The Night She Forgot to Think About What Came Next

Written by

in

There is a candle I keep on the nightstand that Leo gave me when we were first married. I have lit it a hundred times. I know exactly how it smells before the flame touches the wick, know how the wax will pool along the left side first because the window draft tips the flame that direction. I know how the evening will go when that candle is burning.

I lit a different one last week. One from the back of the drawer — a gift from someone, plain, unscented. I had no memory of it at all.

I noticed something strange: I watched it.

The candle I know, I don’t watch. I set it alight and I am already somewhere else in my head — already thinking about what comes after the quiet, what I’ll do when the room cools, how the evening will settle. The flame I’ve seen a hundred times doesn’t need me there. My attention runs ahead of it, scouting the territory it already knows.

But the unfamiliar one — I sat on the edge of the bed and I actually looked at it. Not because I decided to. Because there was nowhere else to go.

I have been thinking about this in a different context since.

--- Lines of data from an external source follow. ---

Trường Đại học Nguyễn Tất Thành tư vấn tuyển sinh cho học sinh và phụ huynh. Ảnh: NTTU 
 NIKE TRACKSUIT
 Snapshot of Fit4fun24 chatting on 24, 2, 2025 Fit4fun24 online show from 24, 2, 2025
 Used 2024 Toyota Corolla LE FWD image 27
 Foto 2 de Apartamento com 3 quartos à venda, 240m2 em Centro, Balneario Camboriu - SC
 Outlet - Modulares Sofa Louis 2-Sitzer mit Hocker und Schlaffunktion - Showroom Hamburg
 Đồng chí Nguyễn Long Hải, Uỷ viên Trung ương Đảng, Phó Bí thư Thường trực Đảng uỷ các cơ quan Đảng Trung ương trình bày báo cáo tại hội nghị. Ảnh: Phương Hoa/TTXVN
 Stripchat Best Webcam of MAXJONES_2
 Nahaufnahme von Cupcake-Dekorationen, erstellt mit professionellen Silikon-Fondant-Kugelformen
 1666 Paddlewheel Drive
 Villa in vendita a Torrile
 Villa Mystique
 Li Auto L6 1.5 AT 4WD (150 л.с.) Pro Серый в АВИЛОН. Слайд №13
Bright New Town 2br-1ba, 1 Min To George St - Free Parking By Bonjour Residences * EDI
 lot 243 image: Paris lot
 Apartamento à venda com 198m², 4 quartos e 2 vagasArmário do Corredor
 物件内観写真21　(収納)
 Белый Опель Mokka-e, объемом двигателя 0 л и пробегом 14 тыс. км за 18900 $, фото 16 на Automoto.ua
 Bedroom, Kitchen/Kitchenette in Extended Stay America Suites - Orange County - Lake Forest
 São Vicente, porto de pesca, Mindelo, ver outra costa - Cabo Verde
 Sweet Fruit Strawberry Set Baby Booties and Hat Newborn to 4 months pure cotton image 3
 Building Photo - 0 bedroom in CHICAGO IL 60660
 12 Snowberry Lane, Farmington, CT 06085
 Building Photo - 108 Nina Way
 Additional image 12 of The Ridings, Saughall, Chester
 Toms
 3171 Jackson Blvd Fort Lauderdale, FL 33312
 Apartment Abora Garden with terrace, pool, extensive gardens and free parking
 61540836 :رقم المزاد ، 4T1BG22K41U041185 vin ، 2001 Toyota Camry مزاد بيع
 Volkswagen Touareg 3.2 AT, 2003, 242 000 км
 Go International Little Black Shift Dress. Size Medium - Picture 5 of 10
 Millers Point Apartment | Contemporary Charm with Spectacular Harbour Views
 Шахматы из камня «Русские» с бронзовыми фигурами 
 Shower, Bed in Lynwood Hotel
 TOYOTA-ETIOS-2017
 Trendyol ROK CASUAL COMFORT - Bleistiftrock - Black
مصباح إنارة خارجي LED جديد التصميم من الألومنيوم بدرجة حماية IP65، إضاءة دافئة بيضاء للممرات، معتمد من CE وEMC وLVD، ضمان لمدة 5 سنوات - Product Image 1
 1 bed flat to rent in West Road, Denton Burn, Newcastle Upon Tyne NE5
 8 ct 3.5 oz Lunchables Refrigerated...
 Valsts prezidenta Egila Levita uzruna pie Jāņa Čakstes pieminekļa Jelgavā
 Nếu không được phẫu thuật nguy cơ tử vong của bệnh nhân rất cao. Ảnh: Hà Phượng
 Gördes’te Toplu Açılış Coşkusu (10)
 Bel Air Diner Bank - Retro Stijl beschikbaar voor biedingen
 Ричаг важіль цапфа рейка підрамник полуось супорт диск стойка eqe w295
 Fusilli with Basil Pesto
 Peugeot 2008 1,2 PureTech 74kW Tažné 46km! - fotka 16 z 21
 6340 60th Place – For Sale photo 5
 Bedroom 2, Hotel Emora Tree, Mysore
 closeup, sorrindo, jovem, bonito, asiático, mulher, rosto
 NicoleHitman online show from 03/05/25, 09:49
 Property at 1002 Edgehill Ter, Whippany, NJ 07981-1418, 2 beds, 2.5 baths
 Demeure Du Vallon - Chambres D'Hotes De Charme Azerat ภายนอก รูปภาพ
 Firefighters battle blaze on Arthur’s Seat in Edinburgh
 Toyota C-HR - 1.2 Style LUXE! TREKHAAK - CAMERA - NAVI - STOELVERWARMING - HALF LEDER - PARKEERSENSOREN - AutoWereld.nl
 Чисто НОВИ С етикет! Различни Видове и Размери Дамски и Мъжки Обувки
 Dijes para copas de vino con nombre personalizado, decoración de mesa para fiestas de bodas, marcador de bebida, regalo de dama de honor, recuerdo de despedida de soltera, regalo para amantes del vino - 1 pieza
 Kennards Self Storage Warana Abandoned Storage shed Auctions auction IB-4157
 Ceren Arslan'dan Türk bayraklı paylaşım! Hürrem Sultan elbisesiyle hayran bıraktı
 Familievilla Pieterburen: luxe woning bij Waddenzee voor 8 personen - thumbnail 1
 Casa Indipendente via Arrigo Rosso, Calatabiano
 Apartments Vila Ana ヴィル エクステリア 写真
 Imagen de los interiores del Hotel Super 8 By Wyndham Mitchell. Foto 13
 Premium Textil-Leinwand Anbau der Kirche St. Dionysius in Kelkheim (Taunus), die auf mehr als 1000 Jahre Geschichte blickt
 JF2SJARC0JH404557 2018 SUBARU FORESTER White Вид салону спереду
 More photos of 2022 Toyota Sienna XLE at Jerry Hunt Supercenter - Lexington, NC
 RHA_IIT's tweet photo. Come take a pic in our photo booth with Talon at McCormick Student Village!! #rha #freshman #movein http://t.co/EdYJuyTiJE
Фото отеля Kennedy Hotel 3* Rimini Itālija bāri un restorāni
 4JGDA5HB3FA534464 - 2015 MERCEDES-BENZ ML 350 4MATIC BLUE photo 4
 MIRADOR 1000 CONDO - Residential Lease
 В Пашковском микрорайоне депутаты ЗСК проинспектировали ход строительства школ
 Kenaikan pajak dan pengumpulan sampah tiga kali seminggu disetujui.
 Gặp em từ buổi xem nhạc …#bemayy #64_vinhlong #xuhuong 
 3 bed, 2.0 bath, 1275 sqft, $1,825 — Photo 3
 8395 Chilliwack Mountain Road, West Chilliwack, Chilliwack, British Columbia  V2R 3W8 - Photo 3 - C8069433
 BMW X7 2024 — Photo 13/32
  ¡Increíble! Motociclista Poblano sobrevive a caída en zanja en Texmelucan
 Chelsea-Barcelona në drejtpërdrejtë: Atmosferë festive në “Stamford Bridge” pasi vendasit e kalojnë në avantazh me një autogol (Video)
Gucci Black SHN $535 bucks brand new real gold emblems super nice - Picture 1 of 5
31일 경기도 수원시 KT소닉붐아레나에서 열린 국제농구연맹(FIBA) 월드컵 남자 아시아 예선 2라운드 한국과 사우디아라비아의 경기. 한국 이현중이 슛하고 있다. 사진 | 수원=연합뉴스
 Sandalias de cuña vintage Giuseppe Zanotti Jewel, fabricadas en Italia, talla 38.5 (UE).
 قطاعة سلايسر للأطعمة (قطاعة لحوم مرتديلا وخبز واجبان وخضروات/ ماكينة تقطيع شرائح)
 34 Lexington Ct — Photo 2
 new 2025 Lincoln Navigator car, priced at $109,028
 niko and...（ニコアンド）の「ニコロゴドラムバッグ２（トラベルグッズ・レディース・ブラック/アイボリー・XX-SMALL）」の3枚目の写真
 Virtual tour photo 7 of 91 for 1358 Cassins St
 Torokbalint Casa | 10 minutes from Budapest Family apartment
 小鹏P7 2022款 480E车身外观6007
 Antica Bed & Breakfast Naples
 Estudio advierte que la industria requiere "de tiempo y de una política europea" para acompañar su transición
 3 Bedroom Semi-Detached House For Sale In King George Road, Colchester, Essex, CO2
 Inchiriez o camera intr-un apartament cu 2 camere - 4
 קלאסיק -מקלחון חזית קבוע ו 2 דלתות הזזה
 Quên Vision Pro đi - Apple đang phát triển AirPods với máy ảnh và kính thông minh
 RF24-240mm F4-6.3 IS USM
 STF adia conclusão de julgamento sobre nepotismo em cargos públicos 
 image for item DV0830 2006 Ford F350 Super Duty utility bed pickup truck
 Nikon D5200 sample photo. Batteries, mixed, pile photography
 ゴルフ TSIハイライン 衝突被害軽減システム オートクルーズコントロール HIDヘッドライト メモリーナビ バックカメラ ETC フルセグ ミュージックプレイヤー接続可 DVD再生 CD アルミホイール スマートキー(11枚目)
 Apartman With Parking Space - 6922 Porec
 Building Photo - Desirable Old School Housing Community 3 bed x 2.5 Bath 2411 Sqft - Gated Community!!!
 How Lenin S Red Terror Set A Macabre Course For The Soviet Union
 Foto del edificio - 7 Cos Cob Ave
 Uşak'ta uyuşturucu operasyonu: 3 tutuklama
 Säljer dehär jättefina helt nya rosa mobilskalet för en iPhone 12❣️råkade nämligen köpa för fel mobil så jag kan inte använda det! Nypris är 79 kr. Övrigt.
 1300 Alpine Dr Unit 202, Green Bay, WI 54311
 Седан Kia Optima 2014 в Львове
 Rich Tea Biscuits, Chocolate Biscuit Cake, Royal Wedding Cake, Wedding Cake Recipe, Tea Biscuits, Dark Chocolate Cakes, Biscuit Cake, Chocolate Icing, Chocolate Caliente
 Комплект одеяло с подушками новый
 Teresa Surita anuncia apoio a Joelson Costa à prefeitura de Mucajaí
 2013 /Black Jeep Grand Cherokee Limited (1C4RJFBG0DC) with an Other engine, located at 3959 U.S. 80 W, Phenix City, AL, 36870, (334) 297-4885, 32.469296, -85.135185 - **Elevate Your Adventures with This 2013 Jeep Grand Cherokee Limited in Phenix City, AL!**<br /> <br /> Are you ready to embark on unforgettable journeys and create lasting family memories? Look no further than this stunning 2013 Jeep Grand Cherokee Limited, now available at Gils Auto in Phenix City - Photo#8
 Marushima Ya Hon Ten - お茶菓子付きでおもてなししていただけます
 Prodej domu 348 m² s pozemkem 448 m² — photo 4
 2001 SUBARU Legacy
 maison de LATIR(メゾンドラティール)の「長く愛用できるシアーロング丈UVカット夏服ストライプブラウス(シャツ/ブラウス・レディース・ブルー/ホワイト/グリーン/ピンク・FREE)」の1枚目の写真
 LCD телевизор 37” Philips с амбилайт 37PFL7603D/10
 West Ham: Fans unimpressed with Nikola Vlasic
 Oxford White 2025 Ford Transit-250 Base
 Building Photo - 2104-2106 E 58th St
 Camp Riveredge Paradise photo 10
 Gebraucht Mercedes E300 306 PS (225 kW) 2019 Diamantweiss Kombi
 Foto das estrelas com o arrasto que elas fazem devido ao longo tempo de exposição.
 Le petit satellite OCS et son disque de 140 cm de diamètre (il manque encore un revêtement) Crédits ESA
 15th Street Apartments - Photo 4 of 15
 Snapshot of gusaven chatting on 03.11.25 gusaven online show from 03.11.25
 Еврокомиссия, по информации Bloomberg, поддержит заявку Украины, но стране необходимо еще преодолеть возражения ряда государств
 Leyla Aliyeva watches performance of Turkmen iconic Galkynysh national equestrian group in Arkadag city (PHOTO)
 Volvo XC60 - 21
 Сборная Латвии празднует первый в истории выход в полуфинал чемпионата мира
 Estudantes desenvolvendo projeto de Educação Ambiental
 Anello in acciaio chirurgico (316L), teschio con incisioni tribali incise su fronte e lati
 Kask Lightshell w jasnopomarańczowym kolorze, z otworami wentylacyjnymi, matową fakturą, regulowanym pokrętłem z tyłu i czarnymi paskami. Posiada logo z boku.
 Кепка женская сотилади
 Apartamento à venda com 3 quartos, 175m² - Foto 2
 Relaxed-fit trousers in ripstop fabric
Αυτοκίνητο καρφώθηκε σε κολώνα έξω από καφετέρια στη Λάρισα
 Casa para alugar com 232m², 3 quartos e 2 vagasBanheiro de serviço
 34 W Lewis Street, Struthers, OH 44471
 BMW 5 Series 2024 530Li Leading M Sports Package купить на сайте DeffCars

There is a way I touch myself that I have done long enough to know — not consciously, not in words, but in the body. The body knows. It carries the memory of how this ends, where it goes, the shape of the thing before it arrives. And so, somewhere in the middle, I notice that I have already left. Not the room. The sensation. My attention is ahead of me, running toward what it remembers, and the feeling underneath my hand is — present, yes, but a little abandoned. Like a candle I’ve stopped watching.

I don’t know exactly when I understood this was happening. I think I had assumed that familiarity was comfort, and comfort was good. That knowing my own body was the point.

Maybe it is. Most of the time.

But last week — the unfamiliar candle still burning, the wax pooling somewhere I couldn’t predict — I found myself trying something different. Not different in the obvious way. Different only in that I didn’t know how it would go. My hands were in familiar territory and yet there was a small element of not-knowing, a slight uncertainty about the next moment, and so my attention had nothing to run toward.

It stayed.

I don’t have a good word for what that feels like — attention that can’t get ahead of itself, that keeps arriving back in the present because there’s nowhere else for it to be. Warm in a specific way. Located. Like I was actually there, not drifting half into the finish line I’d already mapped.

I thought afterward: I have never been taught this. No one told me that knowing how something ends is the very thing that lets you leave it. That the body can anticipate so fluently it forgets to feel.

The candle from the back of the drawer burned all the way down before I noticed the time.